C’est pourquoi, afin de dévoiler la médisance, de la définir, Ostad Elahi invite le locuteur à faire appel, avant toute forme d’émission effective, à une opération originale, interpellant à la fois la conscience et l’imagination : il s’agit là de convoquer l’absent et le laisser seul juge, au terme d’un processus de délibération, de la légitimité, de la justesse et du bien-fondé des propos envisagés. En comblant, par une gymnastique mentale, l’absence de cet autre dont on s’apprête à médire, en le rendant présent de façon virtuelle, en lui faisant « entendre » (en lui soumettant) au préalable le discours déjà formé ou en cours de gestation, en se substituant, en s’ajustant à lui, la conscience se modifie, intègre les données de cet autre, et devient alors apte à rendre un jugement juste, à donner une réponse adéquate à la question « est-ce bien une médisance ? ». Ici la conscience agit à la façon d’un juge qui écoute les deux parties, délibère et rend justice de façon impartiale ; elle aide à délimiter, à définir, à débusquer la médisance. Notre auteur pousse la conscience à s’extraire d’elle-même afin de pouvoir sans cesse dépasser les limites imposées par le champ restreint et restrictif de l’ego pour englober l’évidence des paramètres éthiques, comme si par ce moyen, et hors d’elle-même, la conscience devenait enfin plus lucide.

Mais le processus ne s’arrête pas là. Il ne suffit pas seulement de se substituer à l’autre, il convient ensuite de faire un retour à soi, afin que justement, une fois élargie et complétée, la conscience aille plus loin encore, agisse et s’élève au nom, cette fois, de principes humains universels. De ces principes découlent en effet la norme éthique, qui elle-même nourrit l’acte, l’acte qui à son tour va renforcer la norme. Voici une illustration de ce processus, livrée par l’auteur : « Comportons-nous envers autrui comme nous voudrions qu’il se comporte envers nous ». Cette norme éthique induit alors par elle-même les actes qui en découlent : « Par exemple, nous n’aimons pas que tous les détails de notre vie soient passés à la loupe, que l’on médise de nous et que l’on expose nos défauts ». Nous verrons d’ailleurs plus loin, pourquoi il est dans l’intérêt même de l’homme d’assimiler et de rendre sienne cette norme éthique et non de la subir comme une nécessité étrangère à lui et qui s’imposerait par le biais de la contrainte religieuse (le péché) ou sociale (le « politiquement correct »). Cependant, Ostad Elahi n’omet jamais de mettre en lumière la nécessité de contextualisation des normes éthiques dont le principal danger consiste en une application dogmatique ; en réalité, seule la raison douée de discernement, alimentée sans cesse par l’expérience personnelle, devient graduellement apte à considérer une situation dans son ensemble, dans sa complexité et sa subtilité, pour parvenir ensuite à élaborer et à construire la stratégie éthique la plus adaptée compte tenu des circonstances, des responsabilités engagées, des nécessités et de l’intention. L’erreur, inévitablement liée à l’agir humain, devient par là même « sublimée » car source essentielle de connaissance et de maturité.

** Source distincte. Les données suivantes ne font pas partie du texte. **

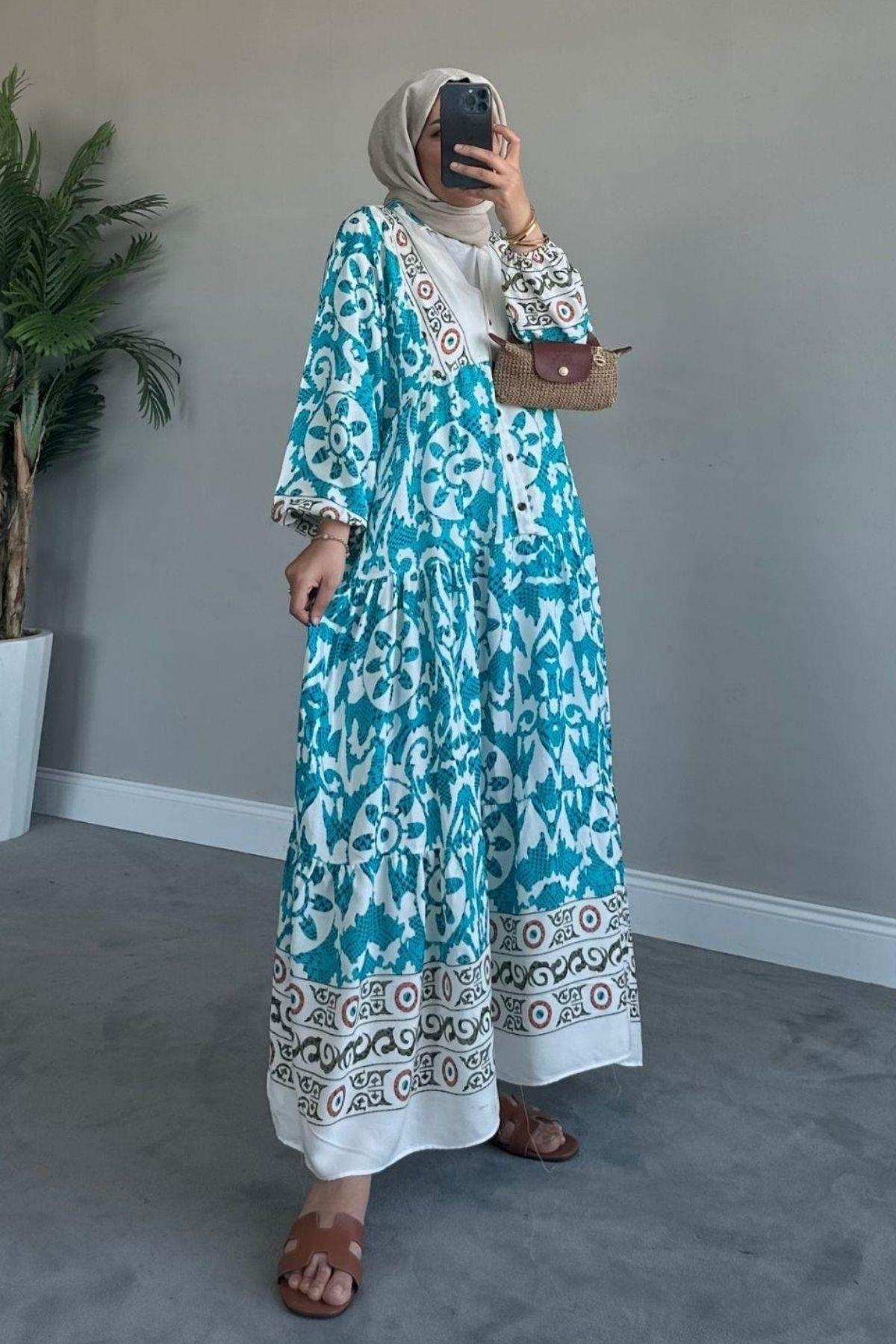 Valor Viskon Elbise Turkuaz, Fiyatları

Cette notion de contextualisation peut rappeler, à certains égards, la position des moralistes traditionnels, souvent familiers avec le raisonnement juridique et analogique (ce sont d’ailleurs souvent des docteurs de la loi), et qui émettent l’idée que face à ce qui est défendu (harâm), apparaissent néanmoins des conditions, des cas d’exception, qui lèvent cette même défense. Qazâli, juriste de formation, par exemple, expose les cas de nécessité où la médisance, tout comme le mensonge, devient mobâh, c’est-à-dire permise (la plainte d’un opprimé devant un juge, l’explication d’un cas devant un juriste, la mise en garde contre un voleur etc.). Cette démarche casuistique héritée de la théologie morale et qui, à travers un classement des cas, détermine, dans le champ de la morale, les limites du licite et de l’illicite, avec la prise en compte de tous les degrés compris entre ces deux bornes, n’apparaît plus chez notre penseur moderne Ostad Elahi. Ce dernier, en effet, s’écarte autant que possible d’une vision par trop normative de la morale, afin de laisser l’individu, délivré de la notion de faute et de sanction, exercer pleinement sa liberté, sa raison et son intelligence. C’est là qu’apparaît toute l’originalité et la modernité d’Ostad Elahi.

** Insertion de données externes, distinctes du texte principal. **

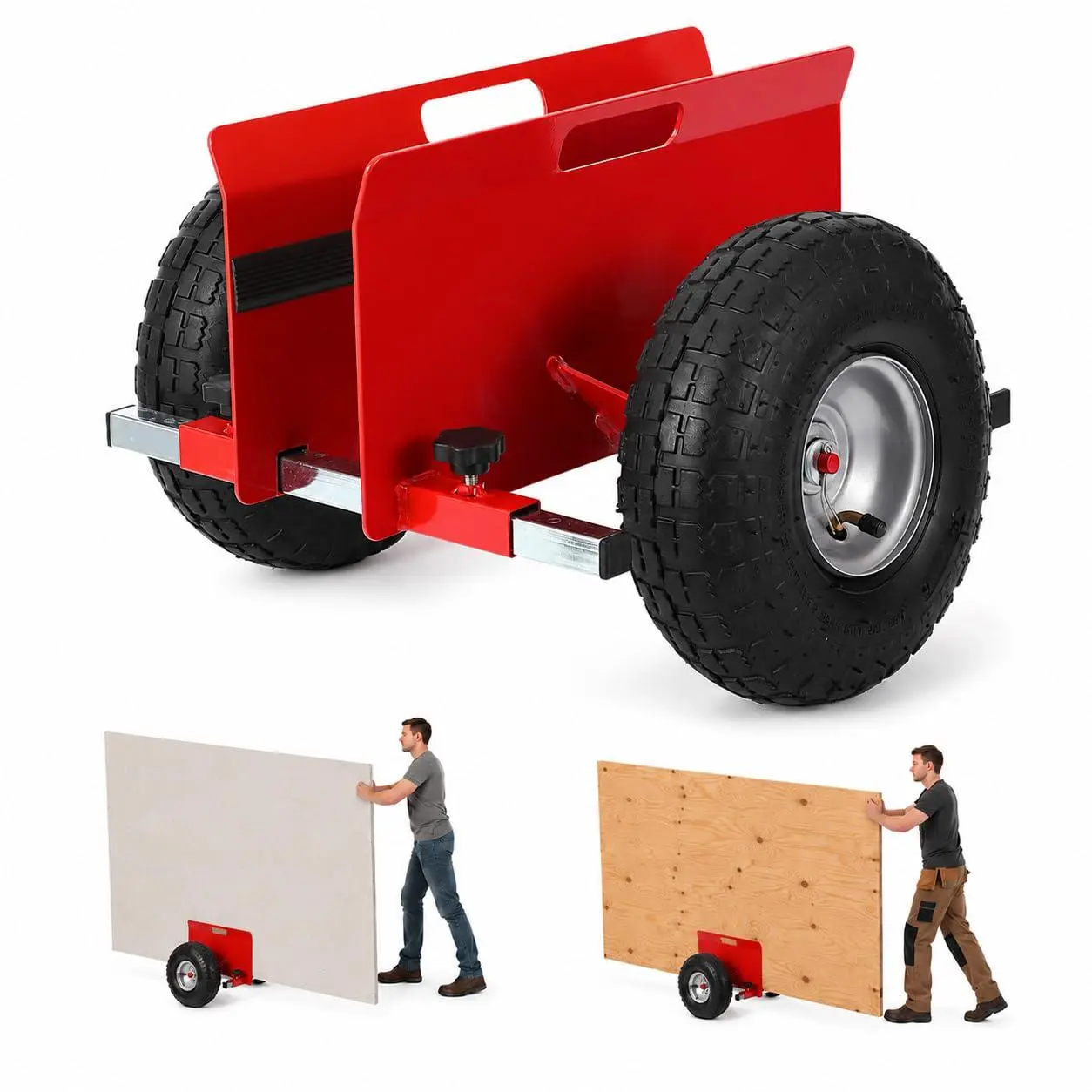 Garvee CuisinSmart Panel Dolly 700 LBS, Drywall Cart with 10-Inch Pneumatic Wheels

Origine et motivations de la médisance

Les passions

La médisance a ses racines dans le domaine des passions, notamment celui du soi impérieux, nafs-e ammâreh, cette énergie toxique, évoquée plus haut et qui dérive du ça. Ce domaine a pour particularité d’échapper le plus souvent au contrôle de la raison. C’est pourquoi la maîtrise de soi, qui s’appuie sur la maîtrise des passions, est intimement liée à la puissance ou à la faiblesse de la raison.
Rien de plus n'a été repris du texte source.